• WHAT THE TASK ASKS
Copy all records precisely, apart from the pictures.

• EXERCISE MATERIAL
=== Section Start ===

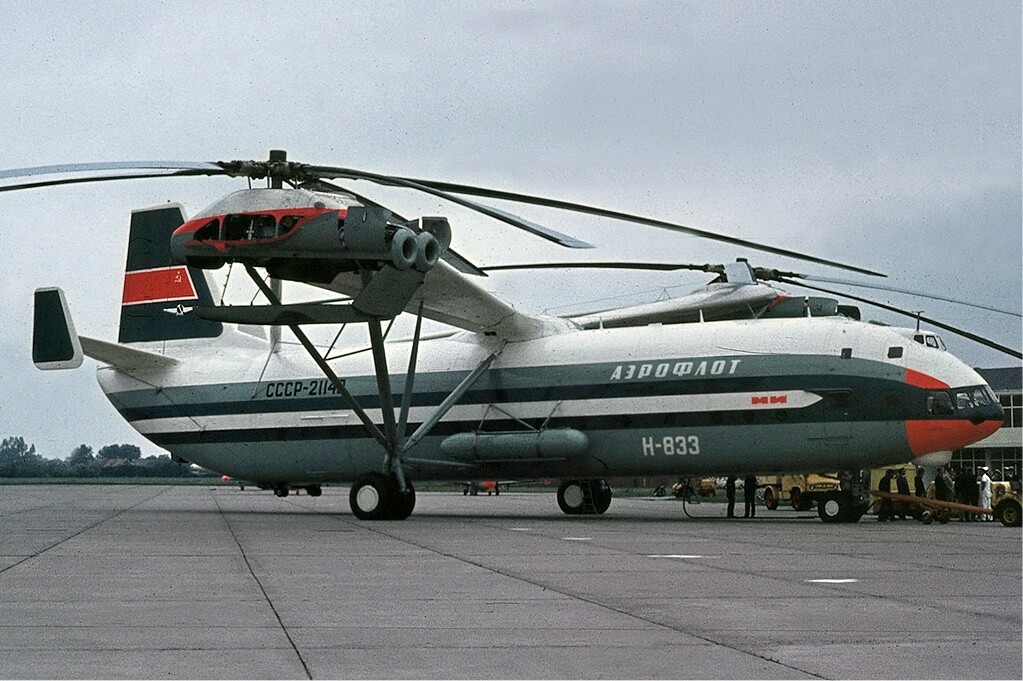 Aeroflot Mil V-12 en el aeropuerto de Groningen, 1971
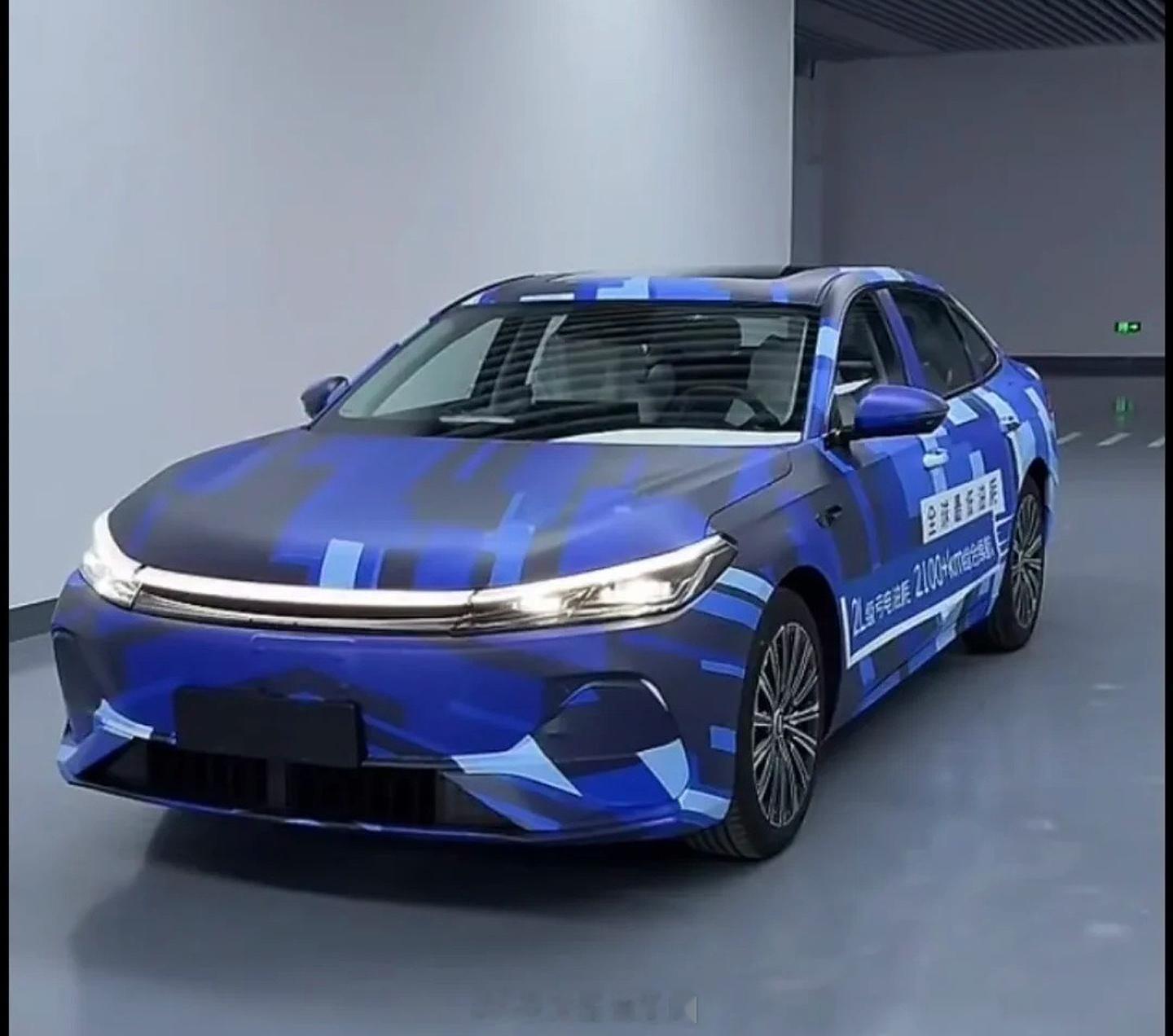 吉利银河全新轿车谍照曝光，车身贴纸“2100km+综合续航”葱爆新车据说车身长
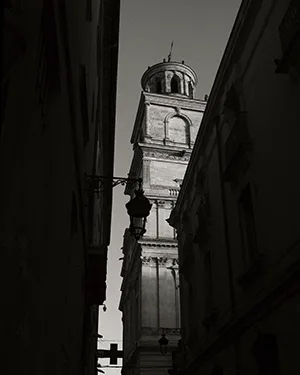 black and white street photography by Plano photographer Larry Lourcey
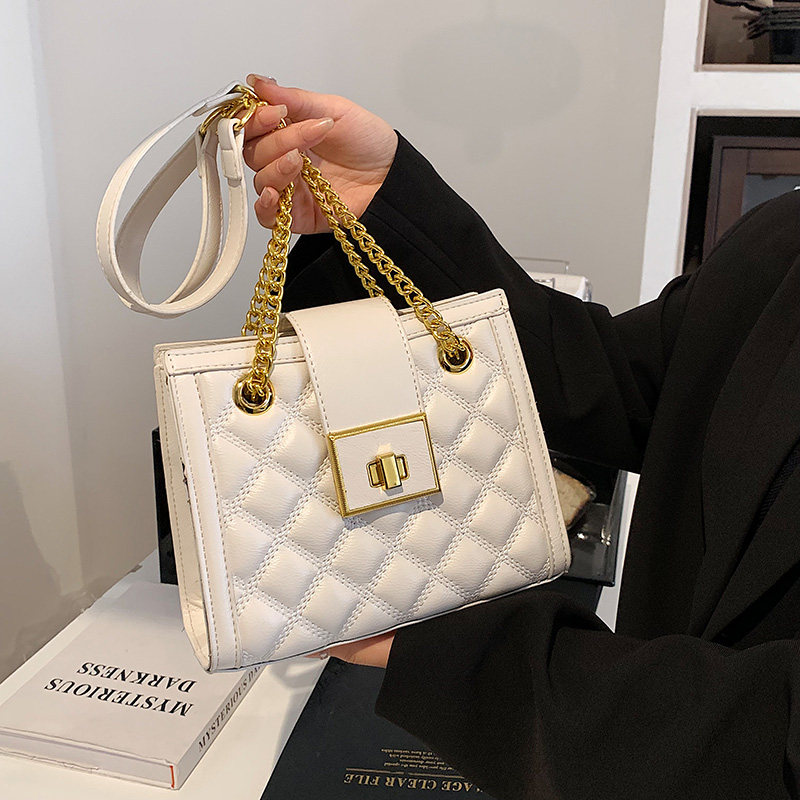 Spring Summer Texture Small Bag Pack Women 2022 New Fashion Rhombus Chain Bag Woman Pure Color Retro Single Shoulder 100 hitch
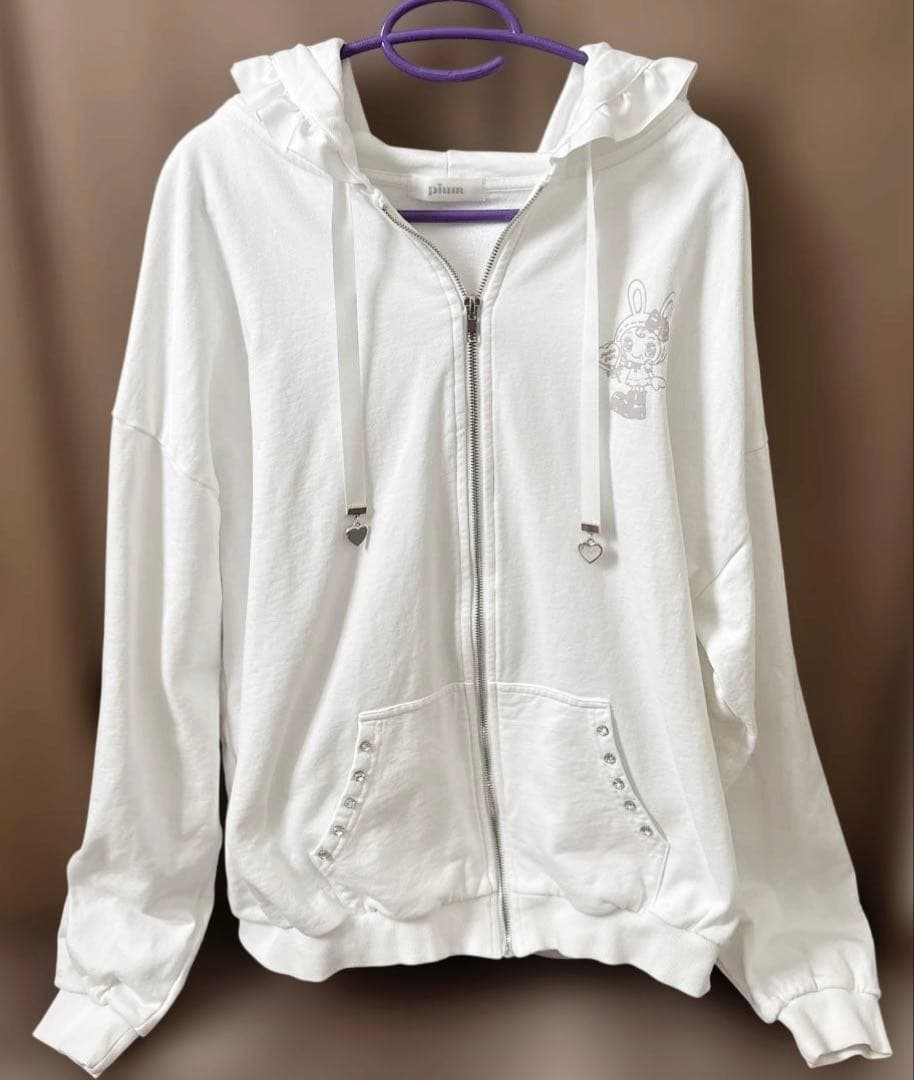 【美品】【ピウム】pium メゾピアノ　パーカー　ホワイト
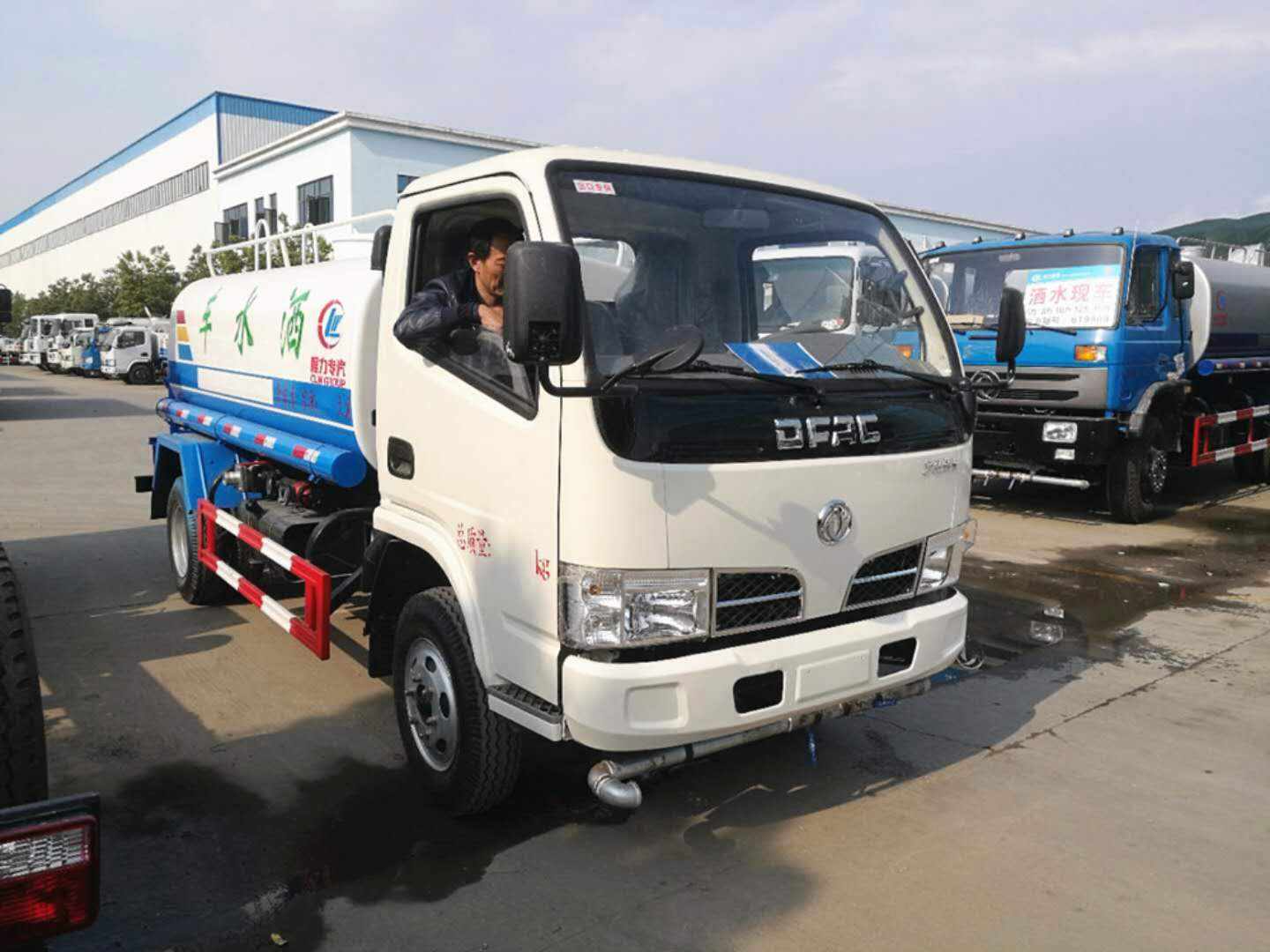 5噸灑水車和霧炮車消殺抗疫“雙管齊下”硬核環(huán)衛(wèi)
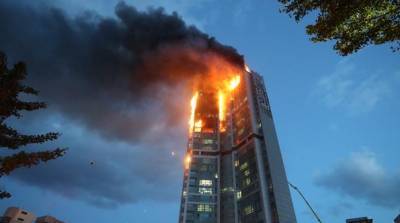 В Южной Корее за несколько часов сгорела многоэтажка: пострадали по меньшей мере 88 человек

=== Section End ===

• OUTPUT FOR THIS TASK
 Aeroflot Mil V-12 en el aeropuerto de Groningen, 1971
 吉利银河全新轿车谍照曝光，车身贴纸“2100km+综合续航”葱爆新车据说车身长
 black and white street photography by Plano photographer Larry Lourcey
 Spring Summer Texture Small Bag Pack Women 2022 New Fashion Rhombus Chain Bag Woman Pure Color Retro Single Shoulder 100 hitch
 【美品】【ピウム】pium メゾピアノ　パーカー　ホワイト
 5噸灑水車和霧炮車消殺抗疫“雙管齊下”硬核環(huán)衛(wèi)
 В Южной Корее за несколько часов сгорела многоэтажка: пострадали по меньшей мере 88 человек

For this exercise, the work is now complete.